Kumohon, kesampingkanlah dulu ego mu dalam mepelajari agama. Karena, sudah terlalu banyak intoleransi yang lahir berkat rasa egoisme menutupi rasionlitasmu. Kalau kau ingin bukti, mari kita periksa data berapa banyak jumlah pelanggaran kebebasan beragama dan berkeyakinan di Indonesia sepanjang tahun 2018. Berdasarkan penelitian Setara Institute yang dilakukan di 34 provinsi di Indonesia bahwasannya terdapat 202 tindakan pelanggaran kebebasan beragama dan keyakinan (KBB). Apakah ini jumlah yang banyak? Tidak, jumlah ini masih jauh lebih sedikit dibandingkan dengan Myanmar atas permasalahan Rohingya yang sampai mengundang intervensi dunia internasional dalam menuntut tindakan segera.
Tapi jumlah bukanlah yang utama, sebab akan lebih manusiawi jika pelanggaran kebebasan beragama dan berkeyakinan (KBB) ini untuk tidak dibandingkan dengan negara yang memiliki angka yang lebih tinggi. Karena bagaimanapun, tindakan intoleransi ini adalah suatu hal yang keliru dan harus diselesaikan. Oleh karena itu, berapapun jumlahnya walaupun hanya berada pada interval 1 sampai 10, sebagai seorang jurnalis seharusnya kita tetap menaruh perhatian yang besar padanya agar masuk pada agenda public dan segera diselesaikan.
Keluhku sebenarnya, aku sudah lunglai untuk terus melihat masyarakat dan media serta jurnalis-jurnalisnya yang memarjinalkan kaum marjinal. Tapi pikiranku yang paling dalam dan penuh kesadaran berkata bahwa aku tidak mau lagi melihat, mendengar, dan merasakan hal-hal yang berbau intoleransi.
Karena aku menghargai pendahuluku. Biar ku beritahu, menurutmu untuk apa para founding fathers kita dahulu menciptakan "Bhineka Tunggal Ika" dengan penuh konflik pikiran dan perdebatan? Ini semua dilakukannya untuk mencegah terjadinya pertumpahan darah karena permasalahan SARA (Suku Agama Ras dan Antar golongan).
Coba kamu bayangkan betapa sedihnya mereka melihat para penerus bangsanya masih saja bergelut tentang mana yang benar dan yang salah? Apakah itu agamaku atau agamamu? Melihat kamu penerus bangsa masih saja hidup dengan egosentrismu terhadap agama, sampai merelakan bangsanya terpecah belah untuk hidupnya agamu seorang?
Kemanakan perginya kedua mata mu?
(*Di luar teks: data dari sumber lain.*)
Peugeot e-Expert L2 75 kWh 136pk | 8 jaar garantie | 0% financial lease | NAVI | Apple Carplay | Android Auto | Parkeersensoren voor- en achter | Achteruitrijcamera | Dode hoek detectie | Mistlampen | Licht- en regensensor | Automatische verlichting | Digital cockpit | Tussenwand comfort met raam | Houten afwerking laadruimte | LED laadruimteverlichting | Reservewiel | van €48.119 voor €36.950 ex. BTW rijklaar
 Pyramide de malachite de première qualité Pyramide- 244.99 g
Bukankah Tuhan berikan kedua mata agar kita bisa melihat keseluruhan alam semesta? Jangan menggunakan kacamata kuda dalam melihat kebenaran. Karena dunia ini terlalu luas untuk kamu pahami hanya dengan kacamata kuda. Kemanakah perginya otakmu?
Bukankah Tuhan berikan otak sebagai perangkat untuk memahami kebenaran secara komprehensif? Jangan sia-siakan otakmu dengan berpikiran sempit karena potensinya sangatlah besar hingga bisa menghidupi dunia dengan teknologi canggih.
Jangan nodai kitab suci yang datang dari Tuhan dengan pikiran sempitmu, karena isinya tidak bisa kamu pahami dengan hanya menerima sebagian kebenaran. Jangan juga kamu lupakan prinsip cover both side dalam menyampaikan kebeneran kepada masyarakat dalam tugas mu sebagai seorang jurnalis (penyambung lidah rakyat).